Analyst · Benchmark. Your line is open.

Thank you.

Operator

Operator

Your next question comes from the line of Kyle Chen with Credit Suisse. Your line is open.

Kyle Chen

Analyst · Credit Suisse. Your line is open.

Hi Dan, just a quick follow-up. You’ve talked about Brexit in the form of FX impact on the outlook, but just wondering what you're seeing from a demand perspective and what you're hearing from customers given your material exposure to Europe and their region. And I guess to what extent have you properly handicapped in the revised outlook? Thanks.

Daniel Murphy

Analyst · Credit Suisse. Your line is open.

Kyle it’s actually a great question, and Rob spent a lot of time in Europe when in was in Europe at the end of the quarter as well. We did go around talking to a lot of customers. We don't think it has an impact on the decision making, at least we haven’t seen it have an impact on decision making process yet, but we think we've built that in from our guidance, but I think there's still a lot more uncertainty that Europe has to go through especially around supporting the currency and other things we’re doing. So right still moving forward we haven't seen any slowdown on decision making yet.

Kyle Chen

Analyst · Credit Suisse. Your line is open.

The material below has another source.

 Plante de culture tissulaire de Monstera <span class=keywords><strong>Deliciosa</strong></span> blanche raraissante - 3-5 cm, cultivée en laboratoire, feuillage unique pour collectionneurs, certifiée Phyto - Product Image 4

Okay. That's great to hear, thanks.

Operator

Operator

Your next question comes from the line of Glenn Mattson with Ladenburg Thalmann. Your line is open.

Glenn Mattson

Analyst · Ladenburg Thalmann. Your line is open.

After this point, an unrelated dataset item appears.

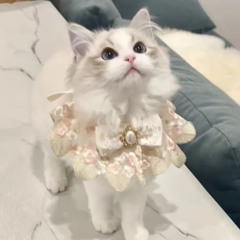 𝐋𝐢𝐥かんさい- 𝐋𝐢𝐥 𝐦𝐢𝐫𝐚𝐜𝐥𝐞🪄︎︎◝✩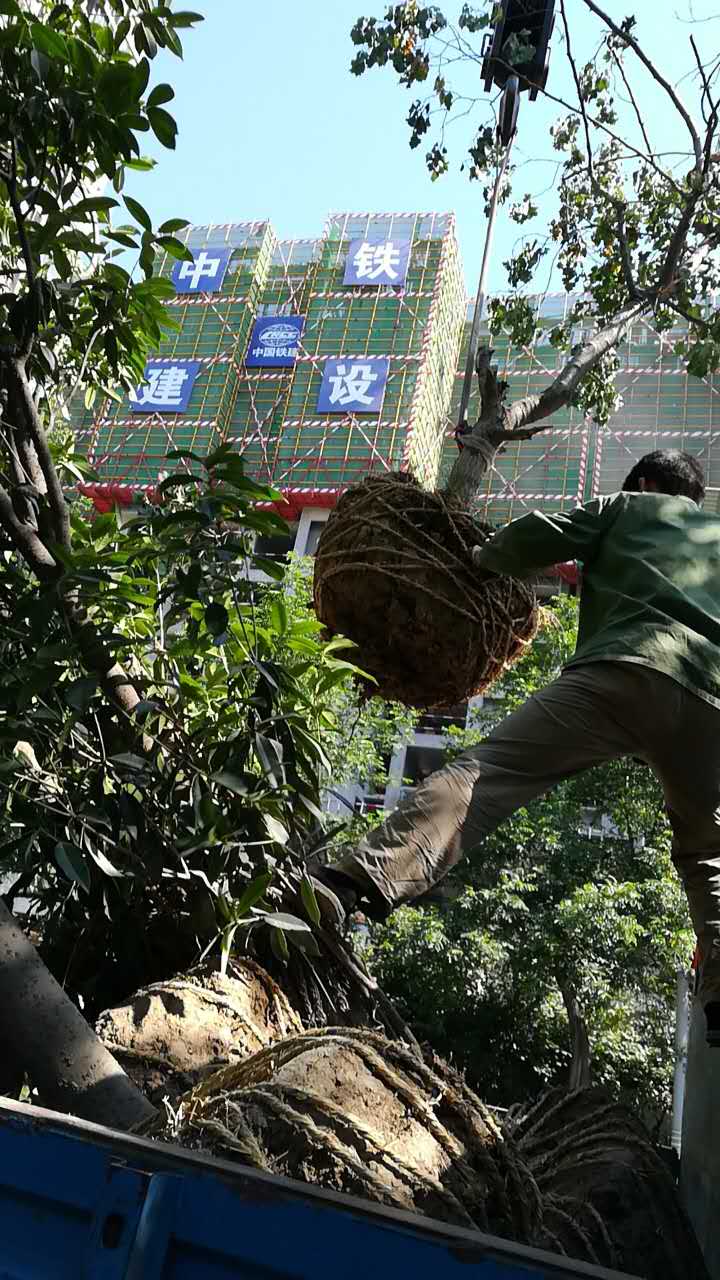 西安高新绿化项目-陕西苗木供应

Hi, also follow-up related to the retention. Are you seeing any increased aggressive pricing or aggressive marketing efforts by competitors on people you haven't converted yet and I guess related to that have you ever seen just as we're trying to confidence around the projected conversion dates or anything, have you had any customers who had conversion dates who were then - who then dropped out of the program.

Daniel Murphy

Analyst · Ladenburg Thalmann. Your line is open.

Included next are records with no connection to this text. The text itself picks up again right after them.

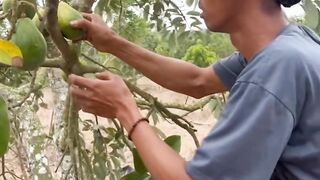 eat avocados straight from the tree
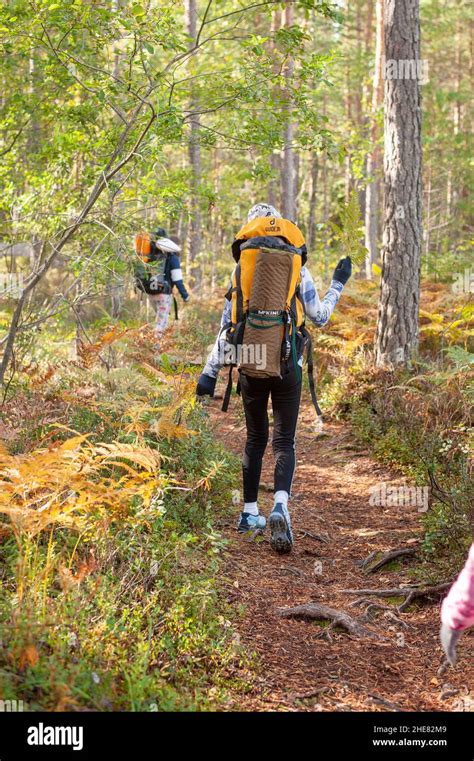 Hiking and camping in Nuuksio National Park Stock Photo - Alamy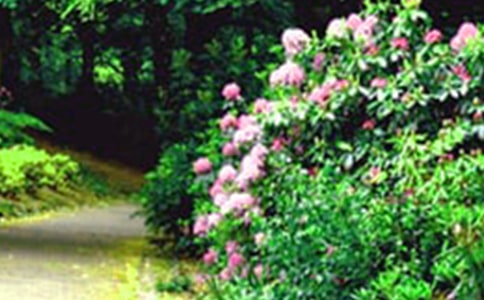 《美麗花園》美術(shù)教案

Just on our last one, Glenn what you mean dropped out meaning?

Glenn Mattson

Analyst · Ladenburg Thalmann. Your line is open.

I mean they had a conversion day, they told you we want to get up and live by September of '16 but then all of a sudden they got plugged away by a competitor.

Daniel Murphy

Analyst · Ladenburg Thalmann. Your line is open.

We can't talk about anything being plugged away by a competitor. We are constantly monitoring our customers and all our competitors. They know that we're going through this transition. And they know that we’re upgrading our customers to a significantly better platform then they have and some of are out there taking advantage of it and trying their best to take advantage of it. And again that’s why from a customer renewal rate we made certain assumptions, and that’s one of the latest that we talked about is always an opportunity for a customer to pick up their headwind where going through migration and another reason we’re trying to – to do this as quickly as possibly can, to not leave ourselves exposed.

Glenn Mattson

Analyst · Ladenburg Thalmann. Your line is open.

Okay, thanks.

Operator

Operator

There are no further questions at this time. I will turn the call back over to the presenters.

Robert LoCascio

Analyst

Thank you for joining our Q2 2016 call. And we'll see you on the next call. Thank you.

Daniel Murphy

Analyst

Thank you.

Operator

Operator

Thank you, ladies and gentlemen for your time and participation. This concludes today's conference call. You may now disconnect.